Alette in Oakland: A Symposium on the Work of Alice Notley
The Bay Area Public School
Omni Commons, 4799 Shattuck Avenue, Oakland, CA
October 24-26, 2014

Omni outer

 

Most of the Omni Commons building in Oakland is a big auditorium painted black, with skylights and chandeliers and a stage. I try all weekend to think what it reminds me of. I learn that it used to be an Italian social club, a rock club, and a private home. To me it feels like a barn or a gymnasium or a church. I’m here for Alette in Oakland, the first conference devoted to the work of Alice Notley (organized by Brandon Brown, David Brazil, Frances Richard, Alana Siegel and Laura Woltag) who instantly became one of my favorite poets when I read Waltzing Matilda (1981) in David Trinidad’s New York School Poetry class at Columbia College Chicago in 2006. I loved Notley’s early work for its vernacular wit and quotidian detail, and soon loved her later work—The Descent of Alette (1992) is often thought of as the dividing line—for its fierce feminist dissidence. That one poet could be capable of all these modes in a lifetime, could dig so deep into the everyday and then later so far toward the elsewhere, manifesting new cityscapes and desertscapes and other realms, still strikes me as astonishing.

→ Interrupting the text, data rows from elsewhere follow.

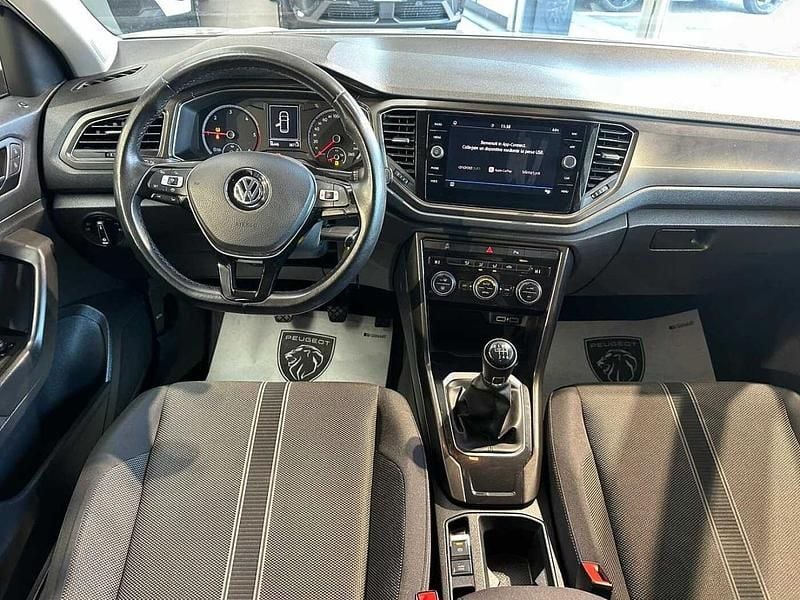 Usata VW T-Roc Advance 116 CV (85 kW) 2019 Bianco SUV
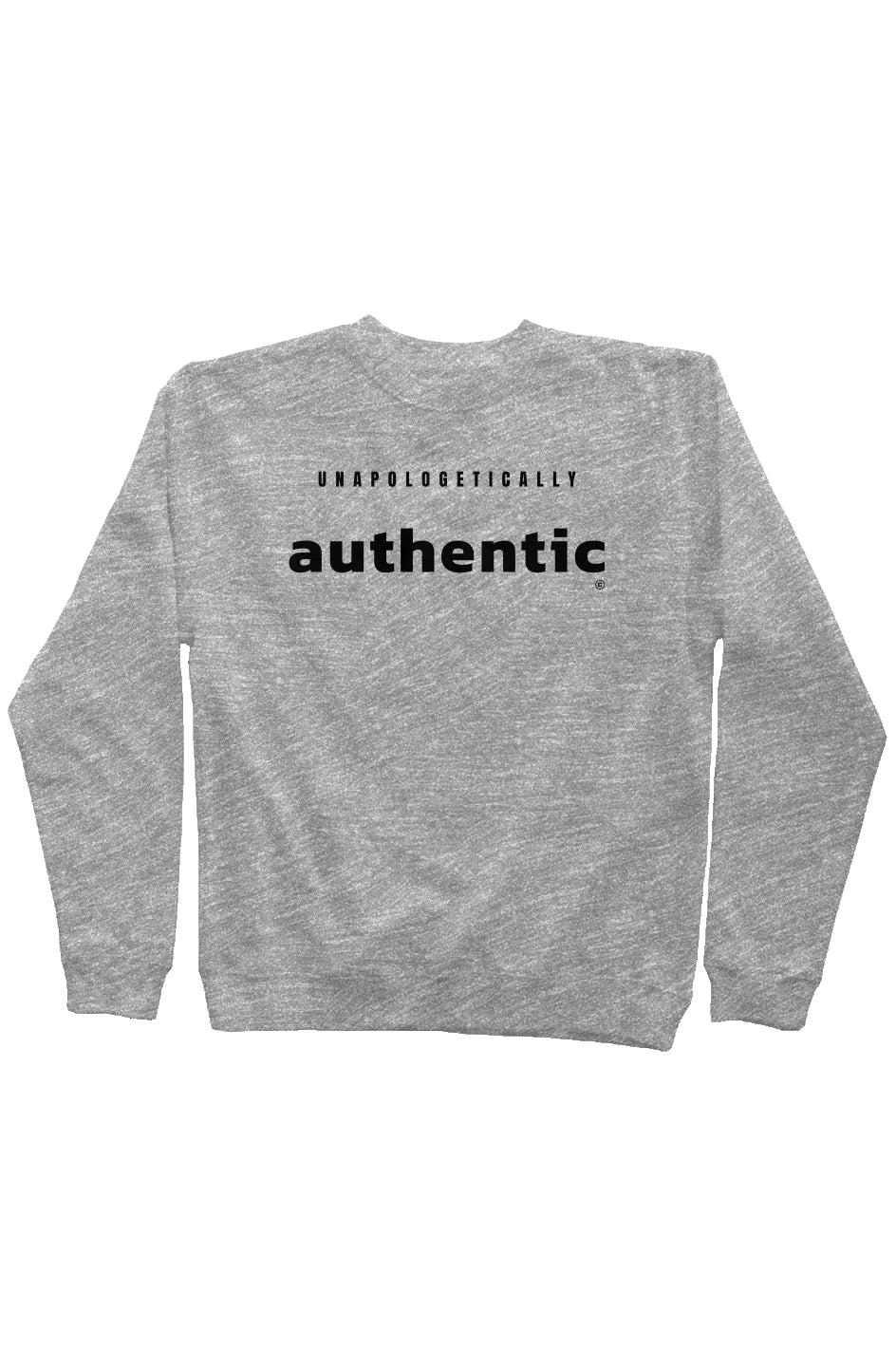 Unapologetically Authentic Mid-weight Unisex Sweatshirt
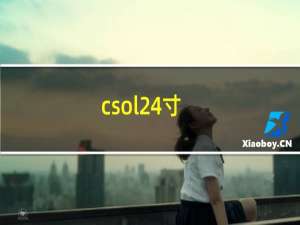 csol24寸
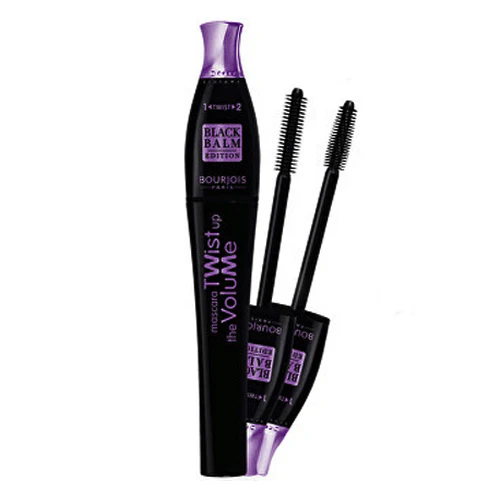 Twist Up The Volume Black Balm Mascara - Black - 8ml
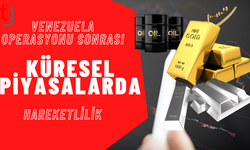 Venezuela operasyonu sonrası piyasalarda hareketlilik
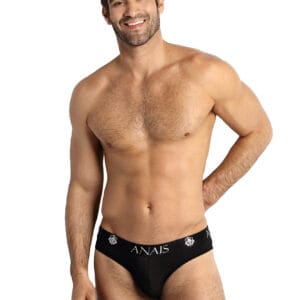Pánské slipy Anais černé (Eros Slip) L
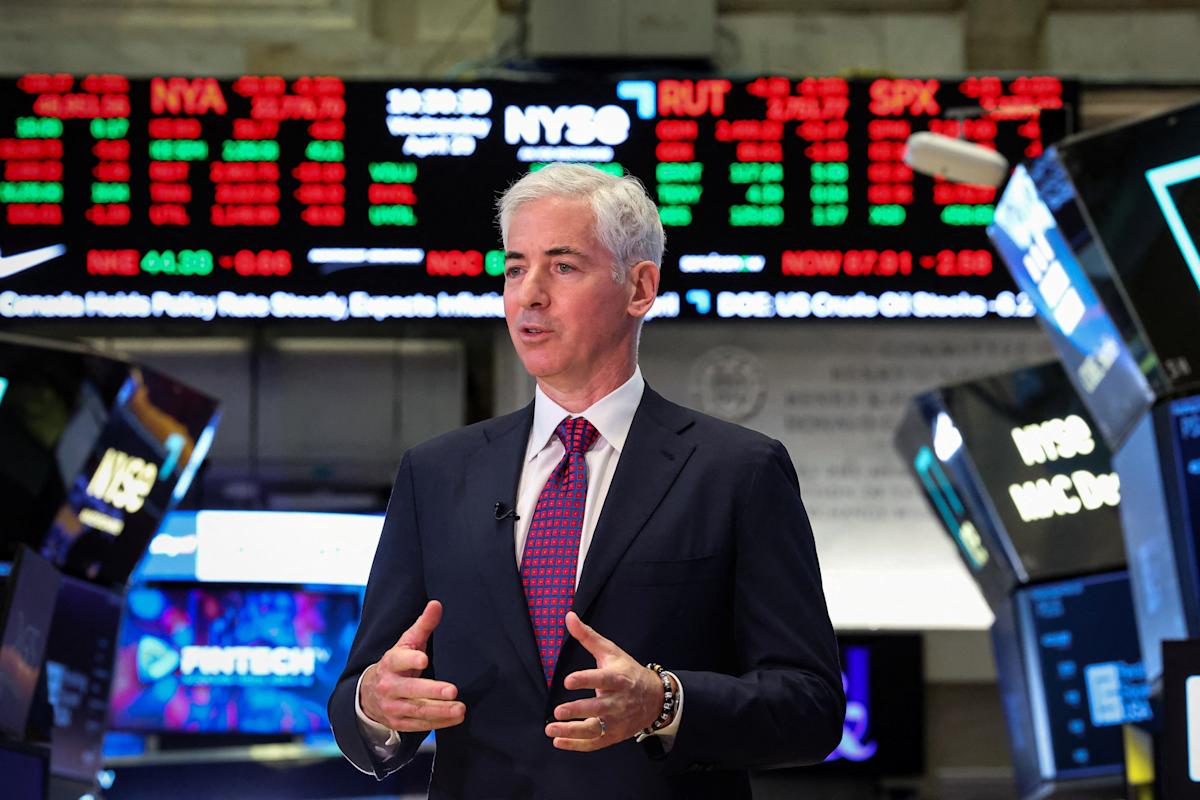 Ackman adds Microsoft as Market Fears Hit AI and Cloud Expectations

In Oakland, there’s a kind of reverence in the air all weekend, not only for Notley and her poetry, but also for the agreement to sit in a big room as if in one of the feminist alternative worlds that Notley has conjured in her books for the last couple of decades. When phrases like “a poem could be considered an idea-city” (Marcella Durand) fill the air continuously, you can trick yourself into thinking you live in that city. The title of the symposium is perfect, then. “Alette in Oakland.” It’s as if we’re agreeing to treat Oakland as the setting of Notley’s feminist epic The Descent of Alette. With its black walls and ceiling, maybe the Omni is a cave, like the ones in Alette but larger, where we can all gather…

 

panorama

 

This roundup gives some sense of the topics discussed at the symposium panels. (There’s also word of a plan for a published volume of all of the papers.) I’ll leave out notes on Notley’s reading on Friday night (it was powerful, the room was packed like a rock club, and it ended with a standing ovation), Eileen Myles’s keynote (because there’s video of the whole thing), and the performance of Notley’s play Anne’s White Glove, directed by Alana Siegel, on Saturday night (because I missed it like a fool).

Disclaimer: Many of the quotations below were scribbled very quickly and likely contain inaccuracies. If any presenters want to send me corrected versions, please feel free.